Ob nun die „Earthships“ des amerikanischen Architekten Mike Reynolds oder die „Garbage Homes“ in den Armutsvierteln Boliviens – der Trend, Häuser aus recyceltem Material zu bauen, findet in den letzten Jahren immer mehr Anklang. Wo, wie und von wem werden solche „Müllhäuser“ gebaut und wer wohnt dann darin? UNI.de über einen der interessantesten Beiträge zu einer nachhaltigen Gesellschaft.

„Garbage Homes“ und „Earthships“, Häuser aus Müll. Sie muten an wie die Visionen eines umweltbewussten Science-Fiction-Autors. Viel fehlt dazu bei Architekt Mike Reynolds auch nicht mehr.
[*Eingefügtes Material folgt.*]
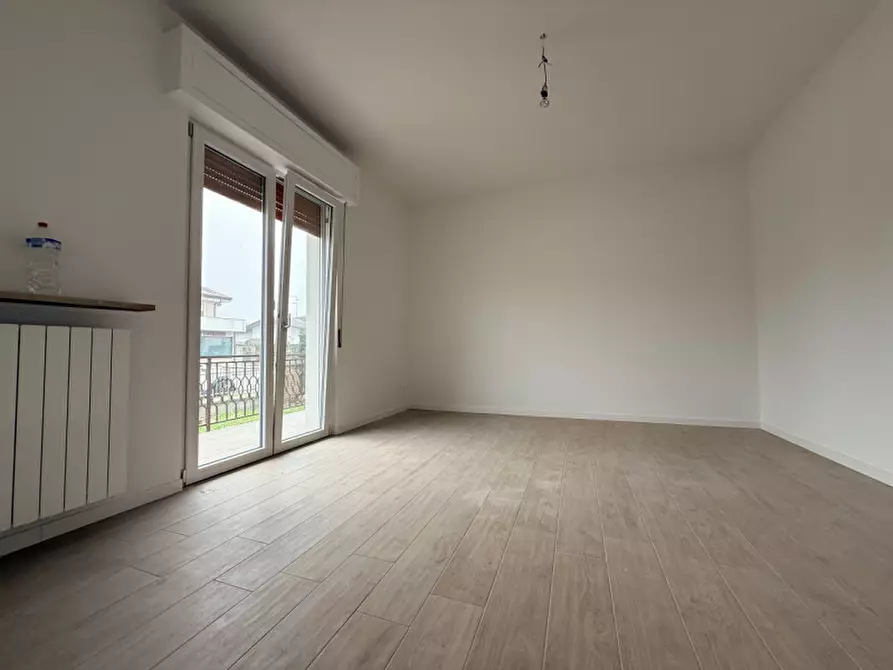 Immagine 3 di Appartamento in affitto  in Via Guglielmo Marconi a Castel D'azzano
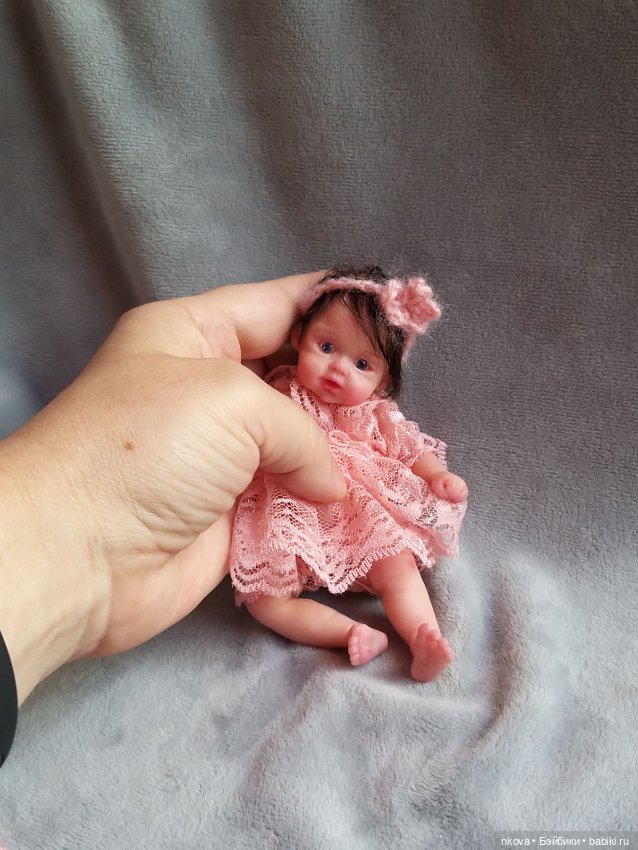 Куклы из силикона - маленькая блондинка-брюнетка-шатенка (фото 10)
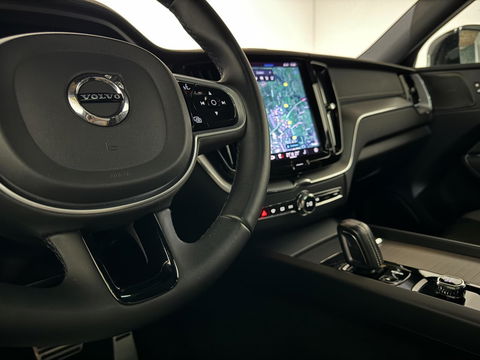 Volvo XC60 2.0 T8 AWD Polestar Engineered Pano H/K Autopilot Camera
Ähnlich wie Asimov seine Roboter-Gesetze, formulierte auch Reynolds in den 70er Jahren drei einfache Regeln für die von ihm geplanten „Earthships“. Erstens: Sie sollten nachhaltig sein und ausschließlich aus recyceltem Material bestehen. Zweitens: Sie sollten autark sein und nur durch natürliche Energiequellen versorgt werden. Drittens: Jeder Mensch sollte ohne besondere Vorkenntnisse in der Lage sein, ein solches „Earthship“ zu bauen.

Mike Reynolds und seine „Earthships“

Ohne Geld leben?

Heute ist er in der Lage, jede dieser Regeln einzuhalten. Seine "Earthships" sind Häuser, die in die Erde gebaut werden und dadurch ein konstantes Klima haben. Gedämmt werden sie durch alte Autoreifen, die mit Sand gefüllt werden. Der nötige Strom wird durch Wind und Sonne gewonnen, die Wasserversorgung wird aus einem eigenen Wasserkreislauf gespeist, der das Regenwasser einem kleinen Garten und einer natürlichen Kläranlage zuführt, frei von Chemikalien. In wärmeren Gebieten kann optional noch ein Kühlsystem angeschlossen werden, in kälteren eine Heizung. Damit können die „Earthships“ nicht nur von jedem, sondern auch überall gebaut werden.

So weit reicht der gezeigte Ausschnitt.